How long is a satellite visible from the ground?

It's a clear, dark night. You look up and gaze at the stars, shining reminders that the universe is vast and wonderful. While you're peacefully basking in the light of distant suns, you notice one bright dot is out of place. It's moving. But no blinking lights, like we'd expect of an aircraft. Chances are, it's another invention of our modern age–a satellite. Think about that: an object that we puny humans created and then shot into space on a tower of fire.

When we're fortunate enough to spot a satellite, how long will it be visible? The geometry of the Earth and the satellite's orbit limit how much of the orbit can be seen from the ground. A satellite might first be visible when it ascends above the horizon, and then disappear after it crosses overhead and dips below the horizon in the opposite direction. With a few simplifying assumptions, a pinch of trig, and a smidge of orbital mechanics, these squishy statements can be made precise. I'll walk you through the steps. First, I'll lay out the basic geometry and key assumptions.

To a good approximation, the Earth is a sphere with radius $R \approx 6400\,{\rm km}$. The satellites we're likely to see from the ground have an altitude $h$ of hundreds of kilometers. For example, the International Space Station has an altitude of about $400\,{\rm km}$. Assume also that the satellite passes directly overhead, that the satellite's orbit is perfectly circular, and that the observer is located at sea level. All of these assumptions make the math a little easier. The diagram below shows the idealized geometry:

The satellite is visible only for the part of its orbit above the observer's horizon. This arc is shown as the bold section above. Measured from the center of the satellite's orbit (also the center of the Earth), $\theta$ is the angle subtended by the visible arc. The time for the satellite to complete one orbit is $P$, the satellite's orbital period. The duration $D$ for which the satellite is visible is $P$ times the fraction of the orbit in the visible arc, which is $\theta/2\pi$. So, we find that $D = P\theta/2\pi$. How is $\theta$ determined?

Connecting the ends of the visible arc is a line that is tangent to the Earth's surface and perpendicular to the line from the Earth's center to the observer. This line, together with the three lines from the center of the orbit, forms two equivalent right triangles, each with angle $\theta/2$, adjacent side $R$, and hypotenuse $R + h$, the orbital radius:

Here's where the trig comes in: notice that

$$
\cos(\theta/2) = \frac{R}{R + h}~,
$$

When $h$ is less than about $1000\,{\rm km}$, there is a handy approximation for $\theta$ that is within 10% of the exact result (obtained after Taylor expanding both sides of the above equation):

$$
\theta \approx \sqrt{\frac{8h}{R}}~.
$$

For an orbital altitude of $h = 400\,{\rm km}$, the fraction of the orbit for which the satellite is visible is $\theta/2\pi \approx 0.11$.

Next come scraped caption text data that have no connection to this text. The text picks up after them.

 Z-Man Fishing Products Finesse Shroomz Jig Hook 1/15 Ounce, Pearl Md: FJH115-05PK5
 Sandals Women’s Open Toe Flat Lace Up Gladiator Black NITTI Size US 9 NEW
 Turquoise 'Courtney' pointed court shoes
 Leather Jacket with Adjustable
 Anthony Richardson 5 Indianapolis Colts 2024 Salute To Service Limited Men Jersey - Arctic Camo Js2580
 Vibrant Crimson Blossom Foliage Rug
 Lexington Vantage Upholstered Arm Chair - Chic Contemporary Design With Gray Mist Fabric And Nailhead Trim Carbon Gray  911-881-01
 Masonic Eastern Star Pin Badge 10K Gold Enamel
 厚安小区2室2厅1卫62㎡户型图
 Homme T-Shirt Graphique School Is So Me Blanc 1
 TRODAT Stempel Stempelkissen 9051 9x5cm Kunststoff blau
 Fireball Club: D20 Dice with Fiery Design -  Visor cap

From Kepler's third law, the period $P$ of the satellite's orbit is given by

$$
\frac{P}{2\pi} = \sqrt{\frac{(R + h)^3}{GM}}~,
$$

where $M\approx 6\times 10^{24}\,{\rm kg}$ is the mass of the Earth, $G \approx 6.67\times 10^{-11}\,{\rm m^3\,kg^{-1}\,s^{-2}}$ is the gravitational constant, and $R+h$ is the satellite's orbital radius.

Now let's put all of this together. If only the smallest power of $h$ is retained, the visible duration is approximately

$$
D = \frac{P\theta}{2\pi}\approx \sqrt{\frac{8hR^2}{GM}}~.
$$

When $h = 400\,{\rm km}$, this is about 10 minutes. This is an optimistic number. If the satellite doesn't fly directly overhead, or if there are obstructions near the horizon, the duration will be shorter, probably only a few minutes typically.

That's it! I hope you enjoyed learning a bit about satellite orbits. And I hope you're inspired to do some satellite spotting.